“Appena è scoppiato il conflitto, oltre ad averlo definito in una decina di editoriali ‘la guerra criminale di Putin’, con la fondazione Il Fatto Quotidiano e con la onlus Soleterre abbiamo raccolto in due giorni 250mila euro per i bambini malati di cancro di Kiev che non potevano essere più curati coi bombardamenti. Con la fondazione Dario Fo e Franca Rame abbiamo accolto 24 rifugiati ucraini nella struttura della Libera Università di Alcatraz di Jacopo Fo. Tutto questo per dire come siamo putiniani”. Così, a “Otto e mezzo” (La7), il direttore del Fatto Quotidiano, Marco Travaglio, risponde alla accuse di filo-putinismo in un dibattito con il deputato di LeU, Pier Luigi Bersani, che definisce “ossimori” democrazia e pensiero unico e “stravaganti” provvedimenti come quelli del Copasir sui talk show politici.

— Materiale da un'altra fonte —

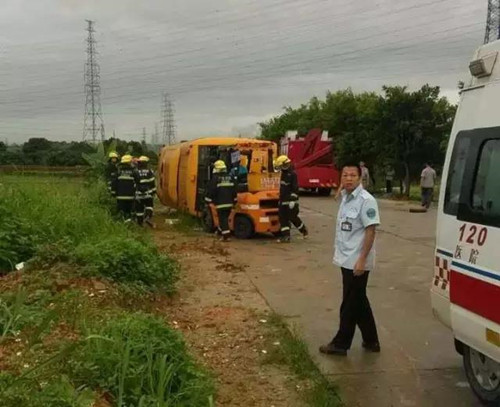 東莞鳳崗保安公司消息，校車側(cè)翻 一名小學(xué)女生無辜?xì)屆? /></a></dt>
                                <dd>
                                    <h4>
                                        <a href=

Travaglio aggiunge: “Lo scrisse Padellaro quando siamo nati: la nostra linea politica è la Costituzione. Quindi, io, che dopo Padellaro sono il direttore del quotidiano, sono vincolato, perché l’art. 11 della Costituzione dice che non si risolvono le controversie internazionali con le guerre e non si mandano le armi a Paesi non alleati. Non potevo non prendere una linea contraria all’invio delle armi. Certo, mi dispiace nella stessa misura in cui mi dispiace non mandare le armi ai curdi attaccati dai turchi o agli yemeniti bombardati con le nostre armi dall’Arabia Saudita”.

Il direttore del Fatto chiosa: “Sempre nella Costituzione c’è l’art. 21 che stabilisce che c’è la libertà di espressione. Quindi, nel mio giornale ho ospitato articoli sia favorevoli, sia contrari all’invio delle armi in Ucraina. Naturalmente non è colpa mia se la maggior parte dei miei collaboratori è contraria all’invio delle armi perché è affezionata alla Costituzione – conclude – Ma io ho sempre dato voce a tutti liberamente. Certo, non posso accettare che mi si chieda di cacciare qualche collaboratore perché non è d’accordo. Questo non lo farò mai finché sarò direttore. Anzi, finché sarò vivo”.